Son günlerde birçok kentte parti üye ve yöneticilerine yönelik artan gözaltı operasyonlarına dikkat çeken Bilgen, "Geçtiğimiz günlerde çok sayıda partili arkadaşımız gözaltına alındı. Olası eylemi önleme gerekçesiyle. Ne tip eylemler gerçekleşecek? Sanırsınız ki 10 Ekim gibi bir eylem olacak onu engelliyorlar.

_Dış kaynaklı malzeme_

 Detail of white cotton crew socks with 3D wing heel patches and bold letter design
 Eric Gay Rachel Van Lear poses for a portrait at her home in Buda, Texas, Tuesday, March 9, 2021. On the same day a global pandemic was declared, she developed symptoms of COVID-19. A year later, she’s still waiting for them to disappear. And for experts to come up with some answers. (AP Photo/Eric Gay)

Hayır, basın açıklaması yapacaklar" dedi.
'SURİYE İÇİN ÖNGÖRÜLEN ÇÖZÜM YOLLARI TÜRKİYE İÇİNDE GEÇERLİ OLSUN'
Suriye'deki gelişmelere ilişkin de görüş belirten Bilgen, sözlerini şöyle tamamladı: "Suriye'de neredeyse herkes siyasi çözümden bahsediyor. Kimse siyasi çözüme karşı değil. Ne Esad 'son terörist kalana kadar öldüreceğim' iddiasında, ne El-Kaide uzantısı örgütle ilgili ABD böyle bir söylem içinde. Suriye değil, Rusya değil İran değil. Türkiye'de değil. Türkiye'de siyasi çözüm için sorumluluk üstlendi dolaylı ya da gizli olarak oradaki silahlı örgütlerle görüşmeler yapıyor. Biz de bunu onaylıyoruz. Konuşarak çözüm bulmak lazım. Ama Suriye'de herkes siyasi çözümden yanayken Türkiye'nin sorununun siyasi yollarla çözümü neden herkesi rahatsız ediyor. İlle Suriye gibi olup ondan sonra mı elimizi taşın altına koyalım ve siyasi çözüm konuşacağız. Bu coğrafyanın tüm sorunları konuşularak çözülsün ve her halükarda bedel ödenmesin. Ama gayet tabi Suriye için öngörülen çözüm yolları Türkiye içinde geçerli olsun görüşündeyiz. Bu parlamento altındaki partiler ekonomi sorununun da güvenlik sorununun da demokratikleşme sorununun da konuşularak çözmesi yönünde elinden geleni yapmalıdır."